The walk towards the church was a long one. The winding serpentine roads were a pain that broke her legs which reminded her of the pain that the rubber trees in her hometown might be going through, when the axe fell on them. Even then she loved to walk. She had broken her leg a few months ago. Since then walking seemed like a curse, infact a child who had just grown over her walker, could limp better than her. Although she loved ambling towards the church every Wednesday to pray the beads and hoard sanity. Having lived as a stay-at-home good-for-nothing keep of a husband who stayed away from Delhi for many months on the pretext of work, left her with a lot of time to pursue hobbies and also taught her to pray. She lazily got up to the call of a housekeeper who reminded her of her own mother, she vaguely remembered. To a breakfast that left, no room for lunch. This Wednesday she decided to not break the fast and head for church with a growling stomach. She loved quelling the groans of an empty stomach by guzzling as much water that her stomach could hold.
This was her way of rebelling against comfort food that her rich husband could afford.

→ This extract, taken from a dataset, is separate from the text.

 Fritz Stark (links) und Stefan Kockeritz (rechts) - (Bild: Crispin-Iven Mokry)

The afternoon was welcomed by an unexpected deluge that tore the womb of the sky and fell on the parchment dried and devastated by the heat. They were a reminder of her childhood days in Kochi. A city washed by the sea that had hidden a thousand untold stories in her belly. Her mother had gone to God's house, that was what she was made to believe in as a child, when she was four. Her father was a businessman who never had too much time for a young daughter, who had just lost her mother to fate's dirty games. The free time he had was spent in devising new ways for filling the church coffers. They were perhaps one of the richest Syrian Christians in India, who were household names in every Syrian Christian household. The aristocratic royalty that her forefathers carried, was all that was needed to be honoured.
And to look with disdain on people who weren't as honourable as them.

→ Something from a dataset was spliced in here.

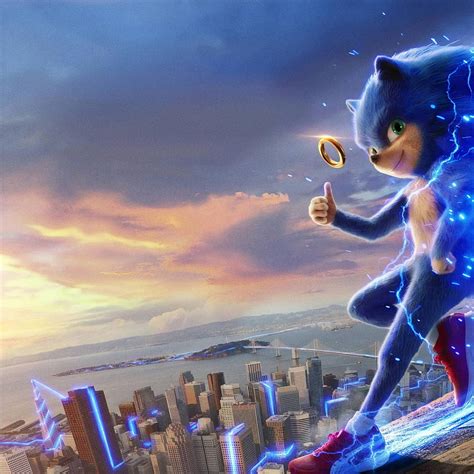 Poster Of Sonic The Hedgehog Ipad Pro Retina Display Movies And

As she grew up and stepped into the "marriageable age" she was ordered on the dinner table, one night by her father, who found solace in the wealth he was stashing with a petrified guilt, to find a husband for herself. For once, it came as a sigh of relief for her, unlike the other syrian Christian girls, many of whom had first known their husbands on the marriage bed. She had another story that wasn't letting a man walk in, the appendages of which choked her sometimes. She wore his shirt on days that she wanted to feel his skin on him, and many times the letters he had written to her as a young twenty-something innocent young man took her down the memory lane, that still knew their footprints. To get over him she had started following a strange exercise of writing a diary, where in she recorded the most intimate details of a love so shameless, yet so pure. She missed the fragrance of his cologne, the mole on his neck and the warmth of his arms, that she thought had grown up to remember her softness. They were school friends and neighbours who took to knowing each other's bodies from having started doing their homework as pre-school kids. He left on a Sunday morning, leaving at her side a goodbye letter that was a mystery stranger than the UFO's. On nights that she hallucinated about him, she used to see strange objects flying in her bedroom until she would shut her eyes tightly and chant a prayer.
Ralph was like an irritating common cold, that was taking its own sweet time to get cured.

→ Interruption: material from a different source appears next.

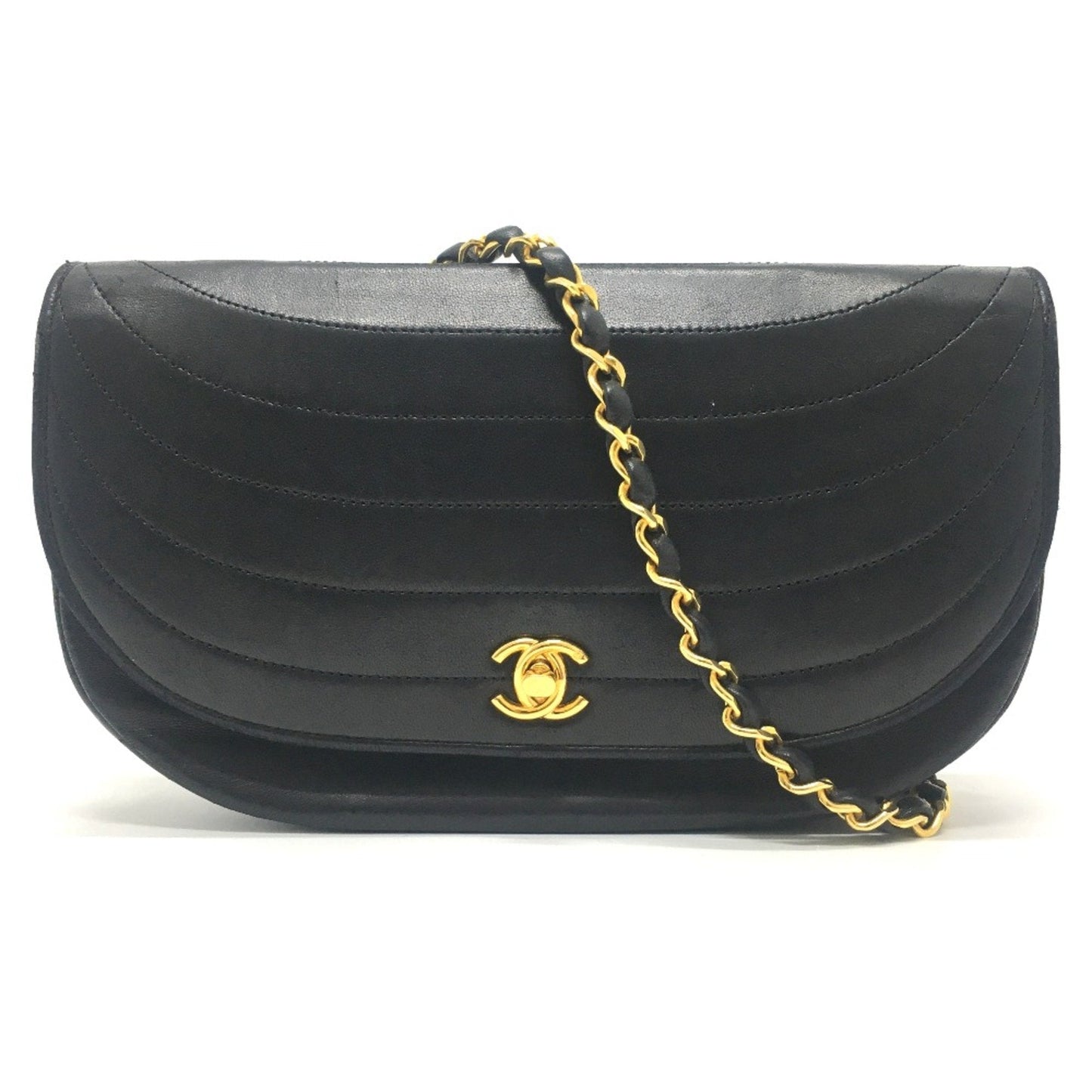 Chanel Black Leather Shoulder Bag ()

The church bells always rang at the right time, never a minute late. Catholic people from around the sleepy neighbourhood of the government colonies attended the afternoon mass, so did a few enthusiastic school students who studied in the convent nearby. She loved to see those young girls hop around the grey cemented courtyard of the church that had started developing cracks much like the old famished building, that needed the touch of the masons urgently. On the wooden over-sized benches in the church, she had seen life change. Marriages had happened and baptisms too, but nothing changed for her. She still came to church everyday, to pray for a bit of love and everyday she had to meet with disappointment, as though God lost all his divine powers when she turned up with her requests. She was more like a spiritual atheist who had no hope in God, and only in the still silence of the white washed walls of the church that squeezed peace out its pores. She had an important thing to confess about and today she might have to wait after the mass to voice her confession. She hated to wait, all thanks to the privileges that were served to her on a platter. Maybe, that was the only gift her unloving husband could provide. That made her stand on six inched stilettos with not a care in the world.
She felt like a queen.

The mass began and the priest and altar boys walked in. This afternoon a new priest would offer the mass. He was handsome with large almond eyes and chocolate brown skin. Despite the squint in his left eye, she found him attractive. For the overtly enthusiastic hymn singer Anna was, this was a different day. A different feeling that didn't know shame. She kept gazing at the chief celebrant of the mass, much like a four year old child standing outside a toy shop. How could she not know shame?
Perhaps,she never knew it in first place.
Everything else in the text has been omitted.